90年初代大統領G.ワシントンのもとに,国務長官に就任。しかし当時国務長官の権限は限られており,新興国としてのアメリカの基礎づくりは,財務長官A.ハミルトンの手になることが多かった。両者は財政政策・外交政策をめぐって激しく対立し,この対立は,アメリカ最初の全国的政党--フェデラリスツおよびリパブリカンズ--の形成に発展した。ジェファソンはリパブリカンズの代表的人物とみなされた。93年国務長官を辞したが,97年フェデラリスツのジョン・アダムズのもとで副大統領に選ばれた。この時代,対仏関係の悪化に伴う反政府活動を規制する目的で〈外人法・治安法〉が作られたが,彼はそれを批判する文書を匿名で著し,ケンタッキー州のリパブリカンズ支持者たちはそれを公的声明として採択させることに成功した(ケンタッキー・バージニア決議)。1800年の大統領選挙においてリパブリカンズは勝利し,彼は大統領に選出され,就任演説で,アメリカは〈人類最上の希望〉であると述べた。大統領在任中の最大の功績は,ルイジアナ購入(1803)である。合衆国領土は一挙に倍加し,太平洋岸までの発展が保障された。ナポレオン戦争時には,アメリカの中立国としての権利を守るために,〈出港禁止法〉(1807-09)の制定・実施に努める。外国との通商に依存していた地域,とくにニューイングランドの反対などにより,期待どおりの成果はあがらなかったが,国際紛争の平和的解決手段として,その意義は認められよう。

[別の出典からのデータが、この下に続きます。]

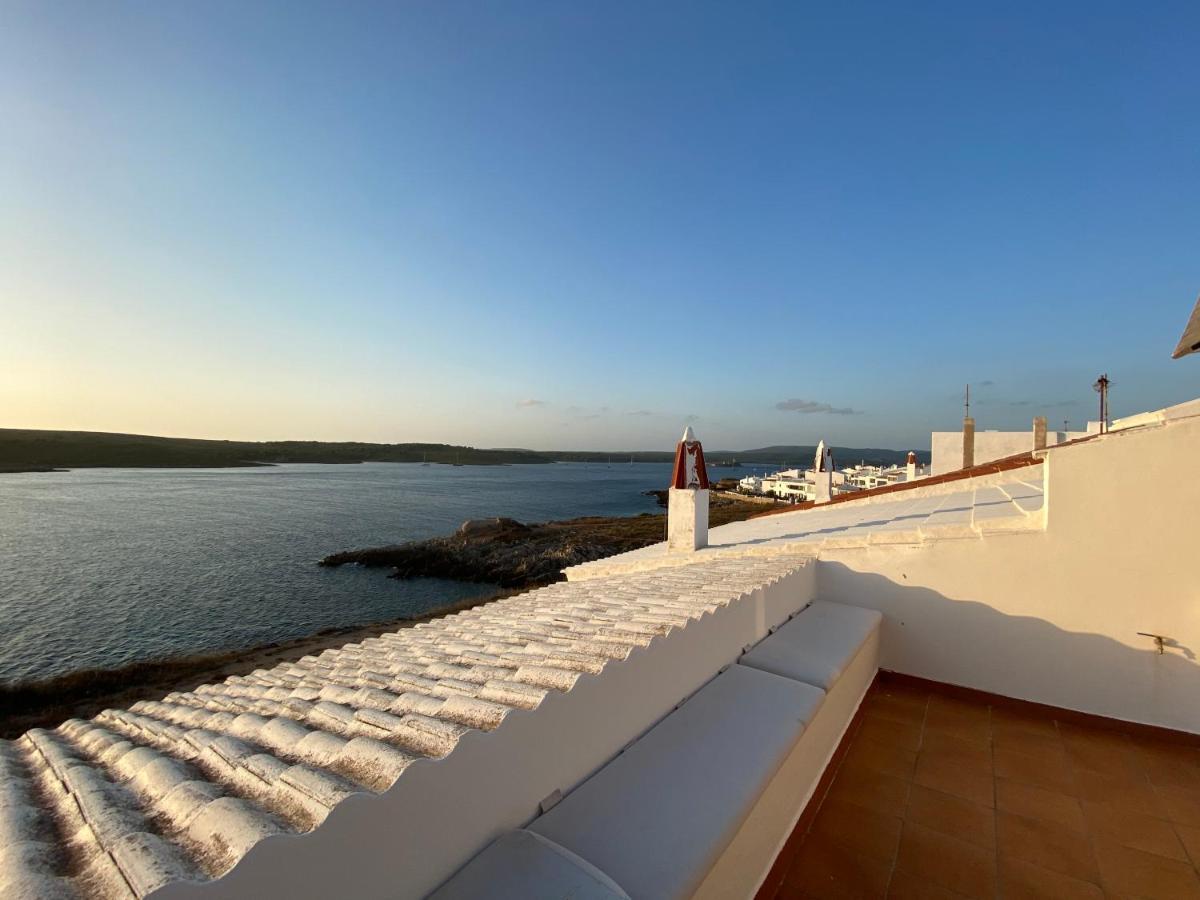 Tramuntana 2 By Riera Rossello Apartment
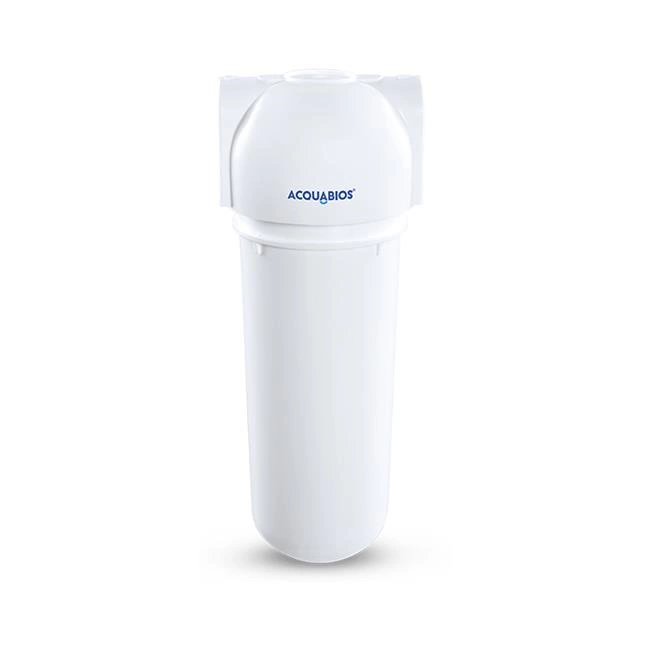 Acqua 230 Clean POE 1000-0081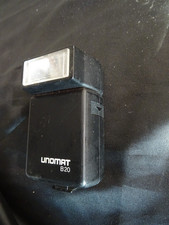 Flash UNOMAT; mod. B20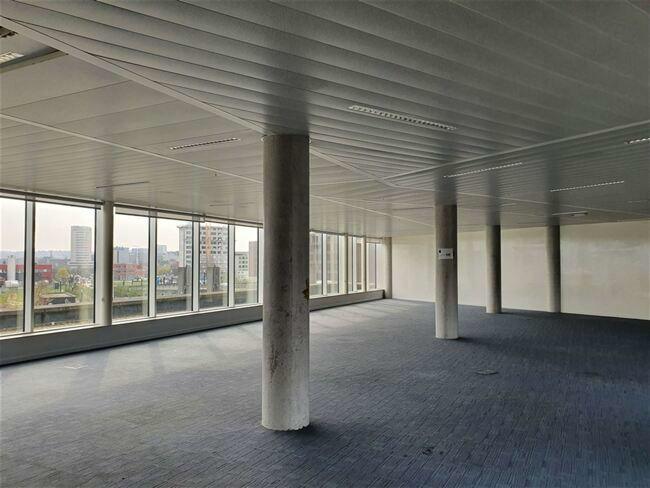 office for rent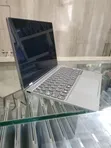 Lenovo IdeaPad D330 4GB RAM Intel Celeron SSD - 1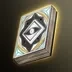 Book Of The All-Seeing logo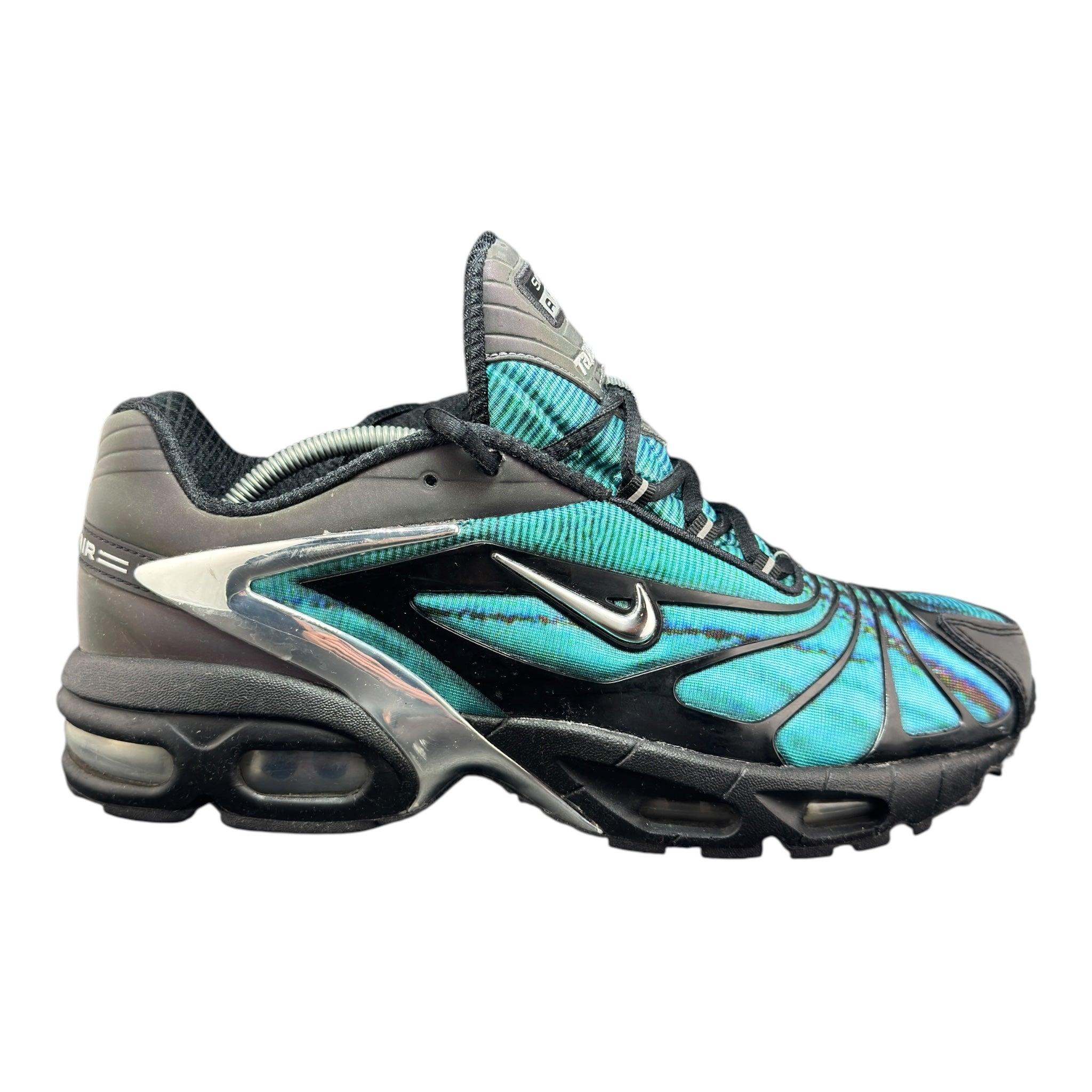 Air Max Skepta TailWind (42EU)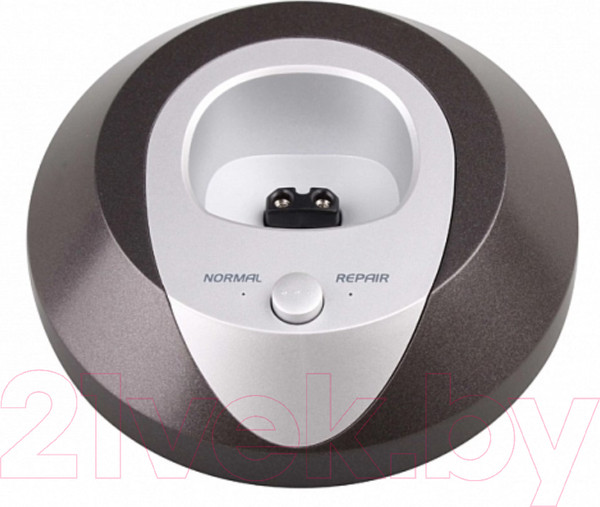 Изображение товара Машинка для стрижки волос Hush 1030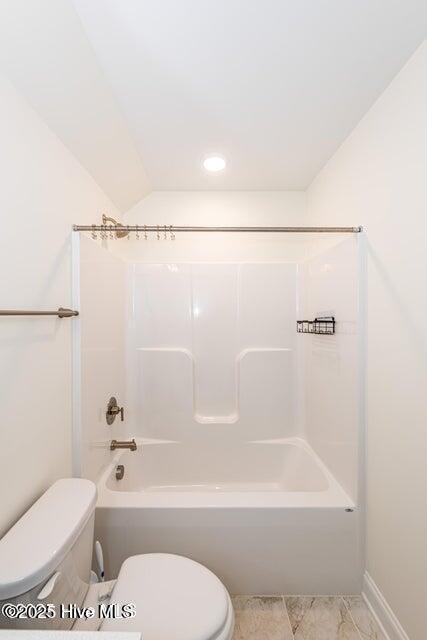 829 Cooke Drive Hubert, NC 28539 - Photo 48 of 62 37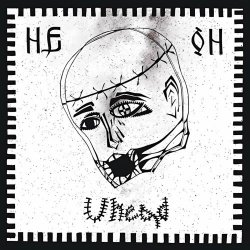 Uhead - Неон (2019) [Single]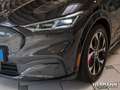 Ford Mustang Mach-E (Extended Range) Premium*ACC*LED Grau - thumbnail 22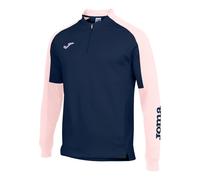 Sweatshirt Joma Eco Championship 8 ans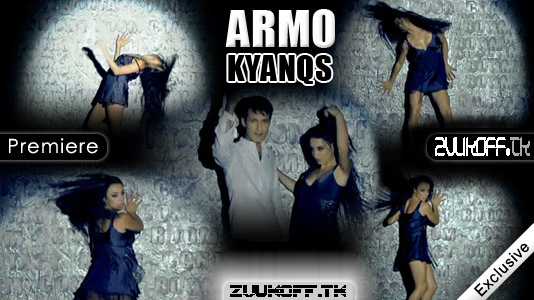 armo_kyanqs(ZvukoFF.Tk)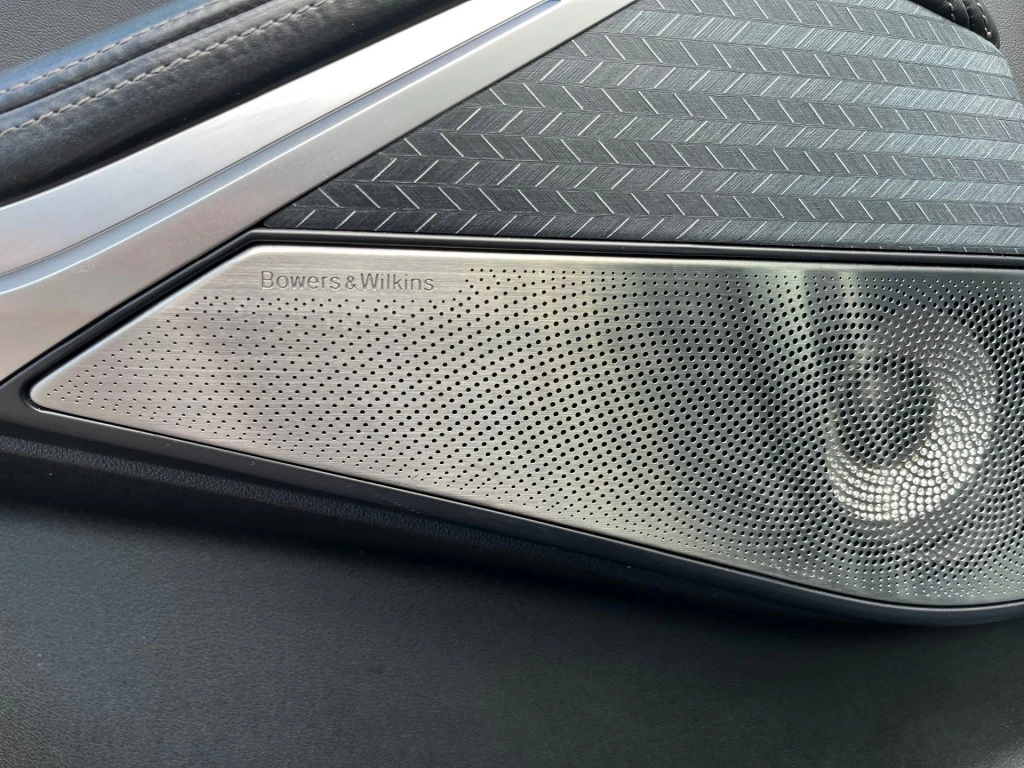 BMW X5 – foto 22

彼は広く科学,農業,建築,音楽に関心をもっていた。《バージニア覚書》(1785,パリ初版)は彼の唯一の著作であるが(しかし生涯5万通の書簡を残したと推定されている),彼の博学を十分に伝える。また新しい総合大学設立の構想に熱意を示し,バージニア大学の開校(1825)として結実した。このように自由の使徒,啓蒙思想家としての彼の評価は高いが,黒人奴隷制に対する態度のあいまいさは顕著であった。黒人奴隷制の存在に悩み,奴隷の境遇改善を願うことにおいて彼は人後に落ちなかった。しかし,その制度の廃止を公的に発言しなかったところに,アメリカは〈自由の帝国〉であるとする彼の思想と実践の限界があった。このような限界があったにせよ,彼がアメリカの未来に対して崇高なビジョンを提起したことは否めないのであり,アメリカはそのビジョンの達成という大きな〈重荷〉を,その後もつにいたるのである。